Wally Lamb, On Storytelling

00:08 [Wally Lamb] Another thing that my teacher, Gladys Swan, taught me very early in my fiction writing, and I was a high school teacher at the time, and she said, "Well, what's your goal?" And I didn't have one particularly, so I had to make something up on the spot, and I said, "Well, every year

00:30 my high school students, one of the books they really enjoy is To Kill a Mockingbird," and I said, "and it really speaks to them, to kids, and I guess I'd like to write something that high school kids would read because they want to read it, not because they have to read it." And Gladys sort of frowned, and she said, "You know, the last thing you want to do is to preconceive who your audience is going to be." She said, "What you need

01:00 to do is write the story for yourself and let the audience that needs to find it find it." And I'm sure I had a dopey look on my face, and I said, "Well, I'm not quite sure what you mean, Gladys." And she said, "Well, I'll tell you what." She said, "My best advice to you is to go back and read ancient myth.
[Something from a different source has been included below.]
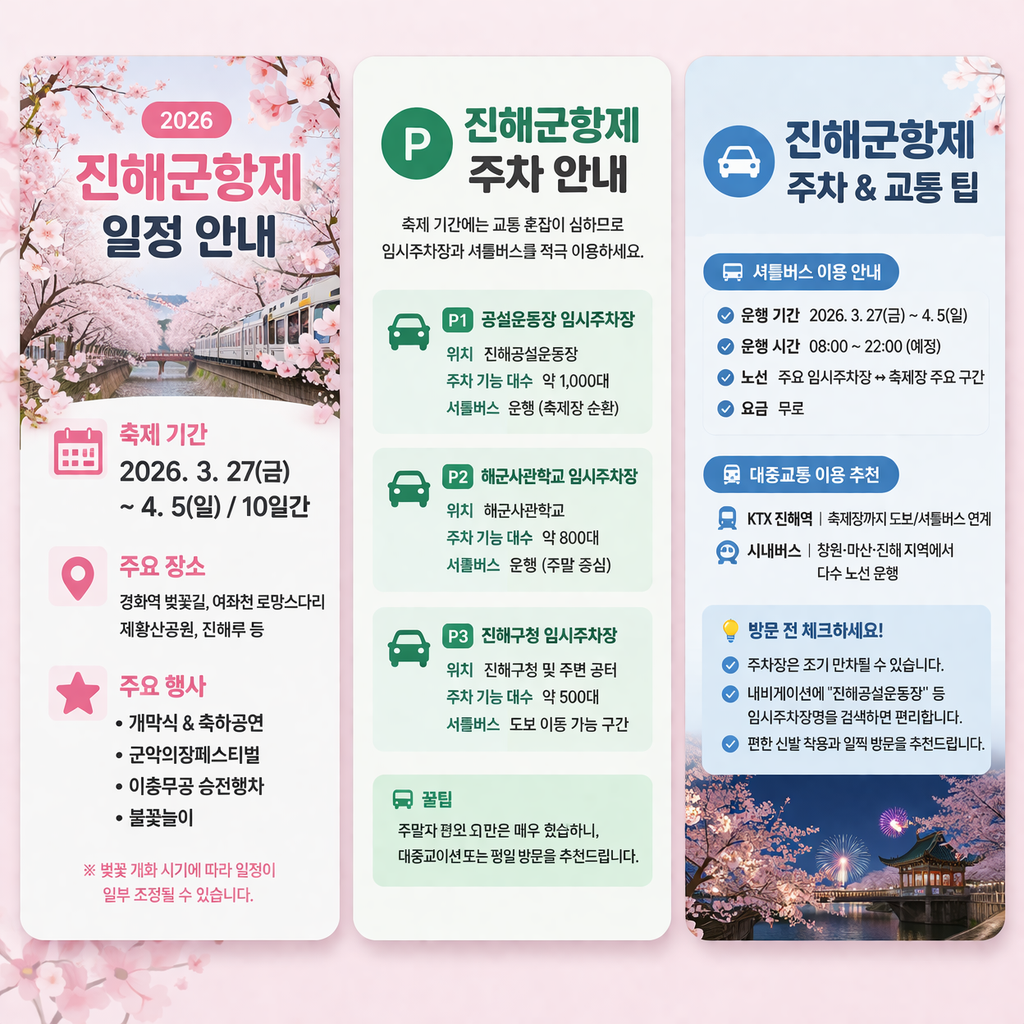 진해군항제 일정과 주차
It's no accident that these are the stories that have lasted the longest

01:30 because they're the stories, the archetypal stories, that people need to be told over and over and over again." And she said, "So go back and read the old myths. You're never going to tell a completely original story, the world is an old place. And all the stories that people need are already out there, not only in a culture but in all the cultures." She said, "The best thing that you can do is put your own original spin, give your own take, on the ancient stories."